Splitting: Break video into 4-second GOP (Group of Pictures) chunks.
Parallel Transcode: Convert chunks to 360p, 720p, 1080p concurrently.
Packaging: Generate M3U8/MPD manifest files.
Technology: FFmpeg-based binaries running on GPU-optimized instances.
Wrap Up

Advanced Topics

Trade-offs: We prioritize Availability over Consistency (AP) for view counts and metadata. It is acceptable if a user sees "1.1M views" while another sees "1.11M views."
Bottlenecks: The Transcoding Pipeline is the most expensive and slowest part.
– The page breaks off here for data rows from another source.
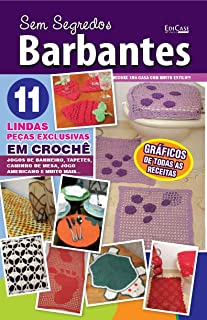 Livro Artesanato Simples - Barbantes - 26/12/2022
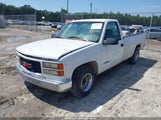 GMC Sierra C1500 1GTEC14H0SZ551451 снимка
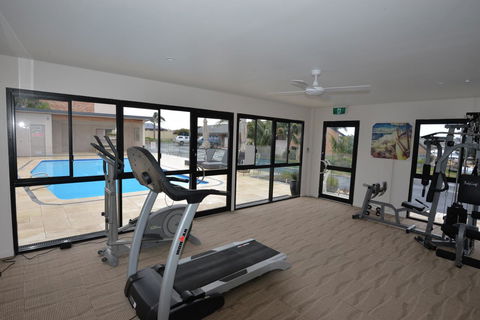 Country Comfort Amity Motel - Accommodation Gladstone 30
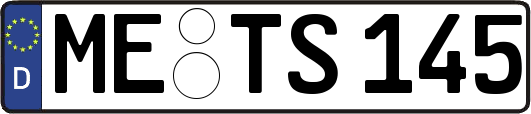ME-TS145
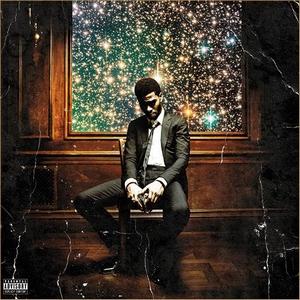 Kid Cudi Rages On with Sophomore Effort 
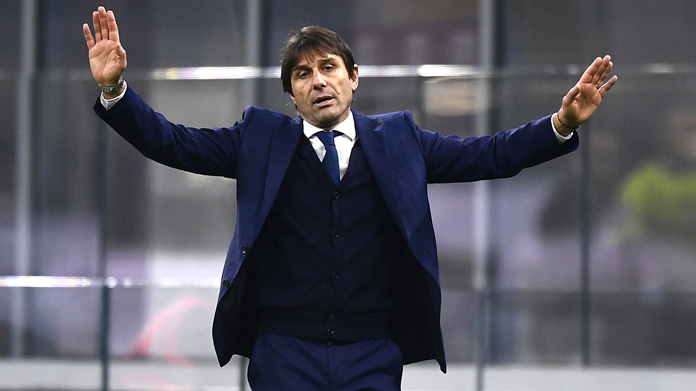 Antonio Conte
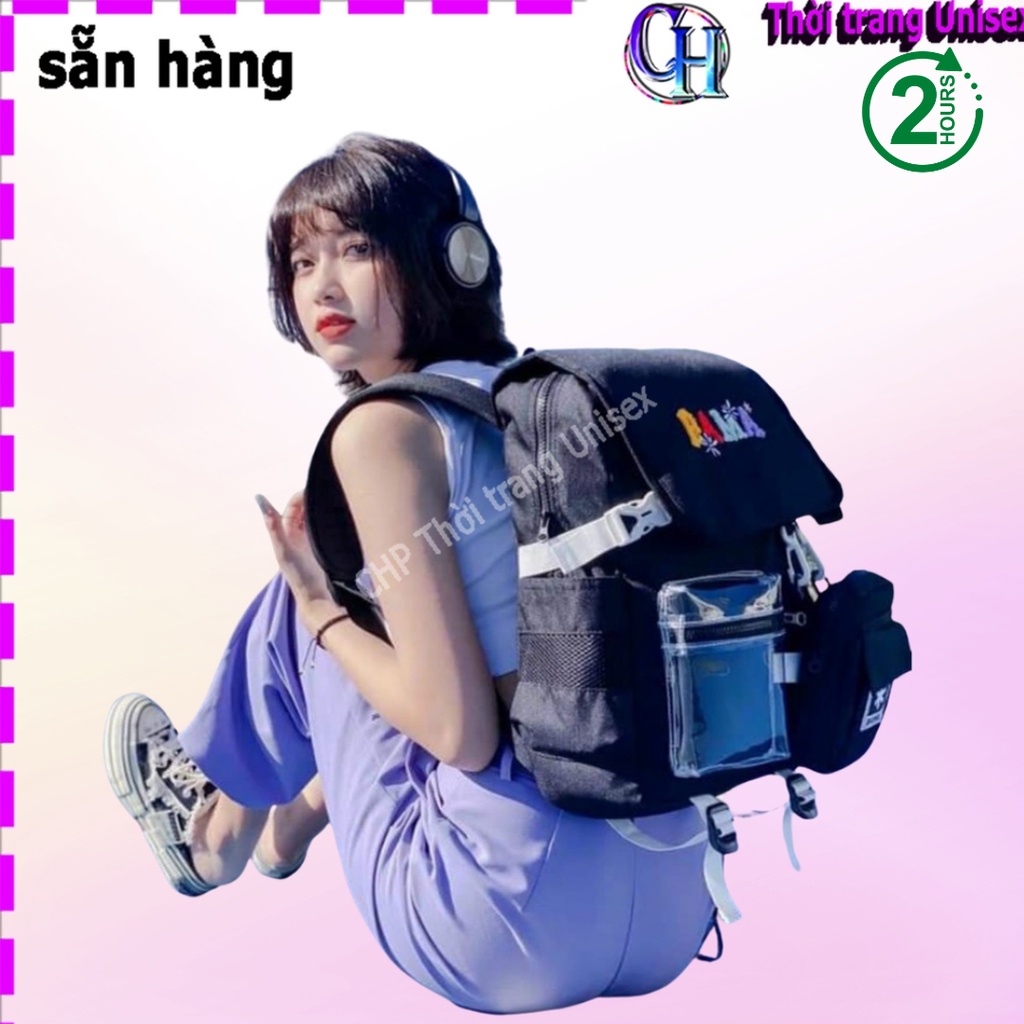 alo Nam Nữ Đi Học Phong Cách Ulzzang Thời Trang Hàn Quốc Đẹp bama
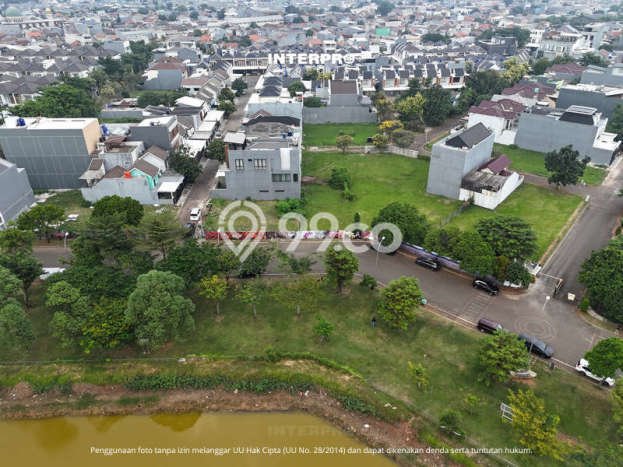 Tanah Kavling Dijual di Jakarta Barat dengan Spesifikasi 300m2 Tanah Kavling Dijual di Jakarta Barat dengan Spesifikasi 300m2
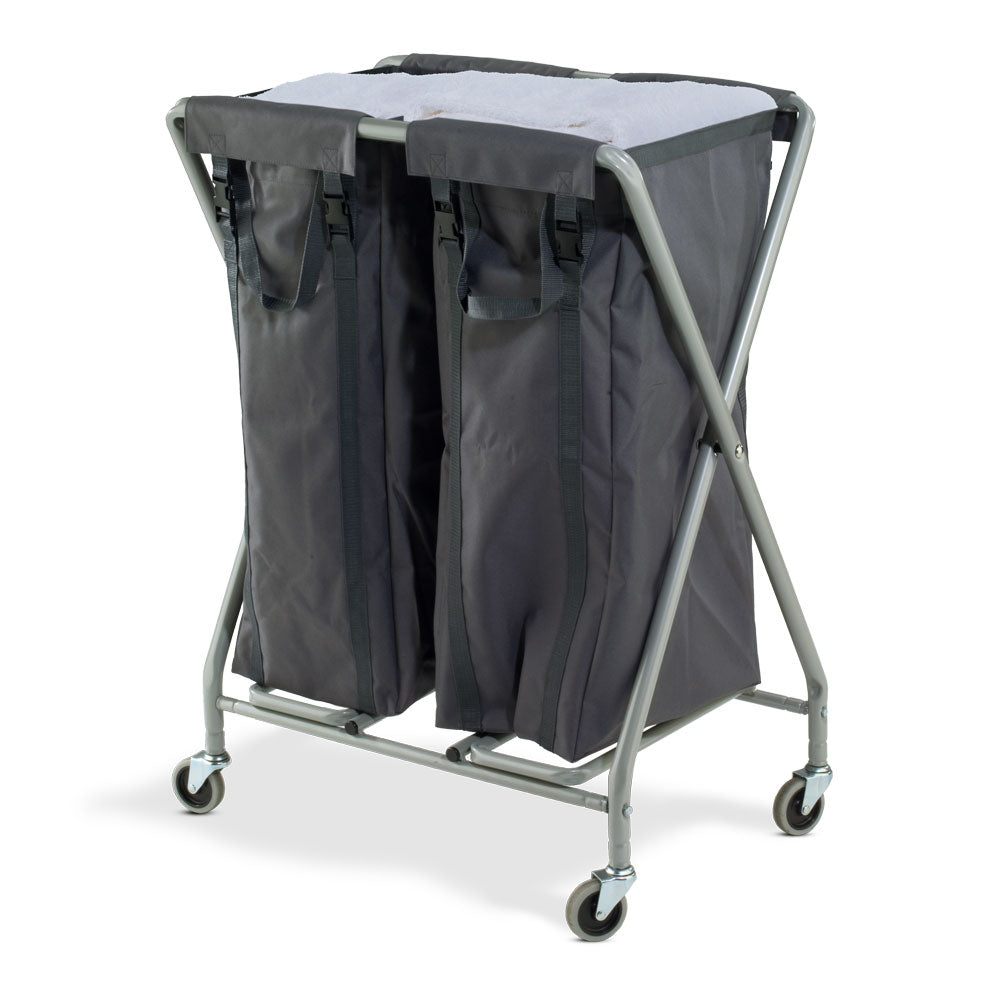 Numatic NX1002 Servo-X Laundry Trolley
Optimization: Implement "Priority Queues" so that "Verified Creators" or short videos are processed faster than 2-hour long uploads.
Failure Handling:
S3 Replication: Cross-region replication for disaster recovery.
Worker Retries: If a transcoding worker fails mid-task, the message remains in the MQ (Visibility Timeout) and is retried by another worker.
Alternatives:
Database: Could use Sharded PostgreSQL if complex relational queries (e.g., joins on user subscriptions) are required immediately.
Direct S3 Upload: Instead of an Upload Service proxy, use S3 Presigned URLs to let clients upload directly to S3, reducing server bandwidth costs. (Recommended for the next iteration).